# Logistic regression

In this session we will develop a simple implementation of Logistic Regression trained with SGD. The goal is to develop the understanding of gradient descent, the logistic regression model and the practical use of numpy.

## Modules
We use this opportunity to also practice the use of modules. A module is a Python file with a number of definitions. A module can be imported and used in a notebook, or in another module. Modules are a good way or organizing reusable Python code. 

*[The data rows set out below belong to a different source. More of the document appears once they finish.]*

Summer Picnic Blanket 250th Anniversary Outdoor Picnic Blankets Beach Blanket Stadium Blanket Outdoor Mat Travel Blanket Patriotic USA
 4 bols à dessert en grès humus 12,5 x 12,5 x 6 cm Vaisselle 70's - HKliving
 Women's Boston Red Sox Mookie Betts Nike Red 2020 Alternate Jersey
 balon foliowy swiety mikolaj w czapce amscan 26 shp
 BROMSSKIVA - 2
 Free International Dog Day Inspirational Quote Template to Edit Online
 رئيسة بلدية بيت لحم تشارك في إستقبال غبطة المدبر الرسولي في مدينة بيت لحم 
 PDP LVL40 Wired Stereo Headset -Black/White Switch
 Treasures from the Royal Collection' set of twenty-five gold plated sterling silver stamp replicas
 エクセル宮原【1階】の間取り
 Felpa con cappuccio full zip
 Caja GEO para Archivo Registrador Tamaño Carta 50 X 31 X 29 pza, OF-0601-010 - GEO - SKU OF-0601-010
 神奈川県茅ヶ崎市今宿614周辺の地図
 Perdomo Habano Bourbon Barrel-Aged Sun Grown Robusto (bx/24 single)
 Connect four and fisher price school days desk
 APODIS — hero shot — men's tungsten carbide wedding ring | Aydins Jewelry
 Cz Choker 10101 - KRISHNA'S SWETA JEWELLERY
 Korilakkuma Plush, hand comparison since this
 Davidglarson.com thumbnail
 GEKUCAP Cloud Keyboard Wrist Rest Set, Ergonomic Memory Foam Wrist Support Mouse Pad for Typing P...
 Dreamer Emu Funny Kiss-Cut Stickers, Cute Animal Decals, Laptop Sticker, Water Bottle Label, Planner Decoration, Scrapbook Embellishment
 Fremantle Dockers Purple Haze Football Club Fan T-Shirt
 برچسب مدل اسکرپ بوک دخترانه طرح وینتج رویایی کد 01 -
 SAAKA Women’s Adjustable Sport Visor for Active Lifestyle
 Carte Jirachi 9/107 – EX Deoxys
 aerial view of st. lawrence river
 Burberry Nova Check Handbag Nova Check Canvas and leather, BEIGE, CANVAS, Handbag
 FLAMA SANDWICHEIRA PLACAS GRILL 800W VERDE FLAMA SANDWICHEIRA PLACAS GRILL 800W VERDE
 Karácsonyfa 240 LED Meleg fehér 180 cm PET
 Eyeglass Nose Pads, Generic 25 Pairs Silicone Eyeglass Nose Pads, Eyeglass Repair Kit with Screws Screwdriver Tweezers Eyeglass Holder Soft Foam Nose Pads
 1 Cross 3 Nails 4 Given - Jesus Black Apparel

First we'll load some toy data to use with our functions.  We'll make this into a binary problem by keeping only two species.

In [2]:
import numpy
from sklearn.datasets import load_iris
from sklearn.model_selection import train_test_split
from sklearn.preprocessing import StandardScaler

iris = load_iris()

# skip rows with the label 2
data = iris.data[iris.target != 2]
target = iris.target[iris.target != 2]
X_train, X_val, y_train, y_val = train_test_split(data, target, 
                                                  test_size=1/3, random_state=123)


# Z-score the features
scaler = StandardScaler()
X_train = scaler.fit_transform(X_train)
X_val = scaler.transform(X_val)

print(X_train.shape)

(66, 4)


## Model definition


We'll first define the interface of our model:

- `predict` - compute predicted classes on new examples given a trained model
- `predict_proba` - - compute class probabilities on new examples given a trained model
- `fit` - train a model using features and labels from the training set

as well some auxiliary functions.

Create a Python file named `logisticregression.py` in your home directory. You will put the function definitions in this file, and import them into the notenbook. Remember that if you change something in the module file, you will need to restart the notebook kernel to reload the module into the notebook.


### Exercise 1

Define function `inverse_logit` which applies the function below to its input `z` and returns $\mathrm{logit}^{-1}(z)$. The mathematical formulation is:
$$
\mathrm{logit}^{-1}(z) = \frac{1}{1+\exp(-z)}
$$

Note that `z` can be a number or a numpy array.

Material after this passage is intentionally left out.